W pierwszych minutach było widoczne to, o czym mówił Stokowiec przed spotkaniem, ale tylko u poszczególnych zawodników. Więcej mimo wszystko respektu. Mecz przyjaźni nie tylko na trybunach.
Lech do tego momentu nic nie stworzył i cyk mamy 1:0. Piękna akcja. Joel Pereira wypuścił Marchwińskiego prawą stroną boiska, a ten wycofał do Ishaka przed pole karne. Szwed huknął z pierwszej piłki. Bobek bez szans.
Spokojny początek pierwszej połowy. Niewiele się dzieje. Można powiedzieć na razie tyle, że gra się toczy. Zero okazji bramkowych. Nie było jeszcze nawet ani jednego strzału niecelnego. Raz próbował Ba Loua to został zablokowany.
Lech od pierwszych minut przejął inicjatywę w tym spotkaniu. Nie stworzył jeszcze żadnej okazji strzeleckiej, ale prowadzi grę, ŁKS nieco wycofany.

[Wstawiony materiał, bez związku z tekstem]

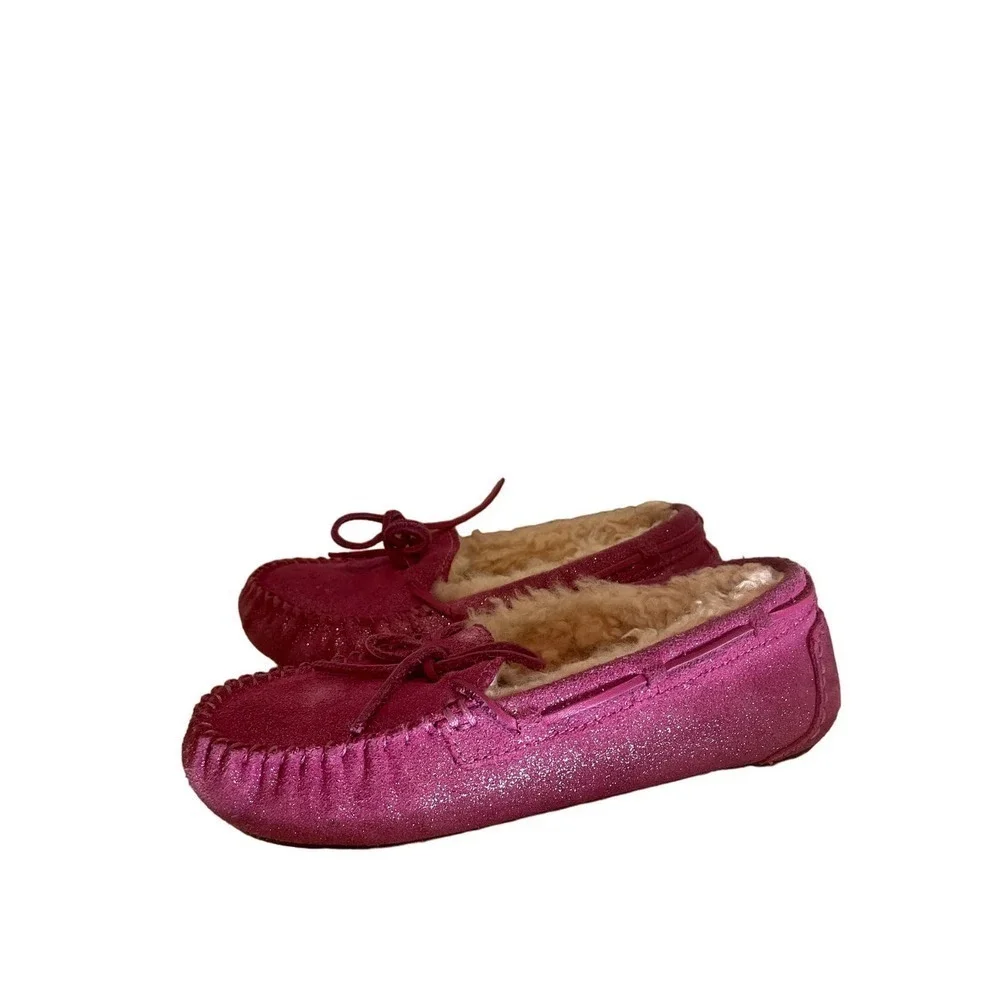 UGG Kid's Dakota Glitter Slipper in Fuchsia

Mokrzycki ukarany żółtą kartką.
Ruszamy!
Sędzia Damian Kos dał sygnał i gramy!
Przy Bułgarskiej ładne obrazki. Realizator wyłapał, że niektórzy Kibice ŁKS-u i Lecha siedzą koło siebie, a na jednej trybunie widnieje duży baner, który podkreśla, że ŁKS i Lech to są przyjacioły.
Z kolei Stokowiec stawia na taką jedenastkę: Bobek - Dankowski, Louveau, Monsalve, Flis, Pirulo, Hoti, Ramirez, Mokrzycki, Śliwa, Jurić.
Lech Poznań wyjdzie takim składem na to spotkanie: Mrozek - Pereira, Dagerstal, Milić, Andersson, Ba Loua, Karlstrom, Murawski, Marchwiński, Velde, Ishak.
Zerkamy do naszej zapowiedzi tego spotkania:
Jakie jest prawdziwe oblicze Lecha?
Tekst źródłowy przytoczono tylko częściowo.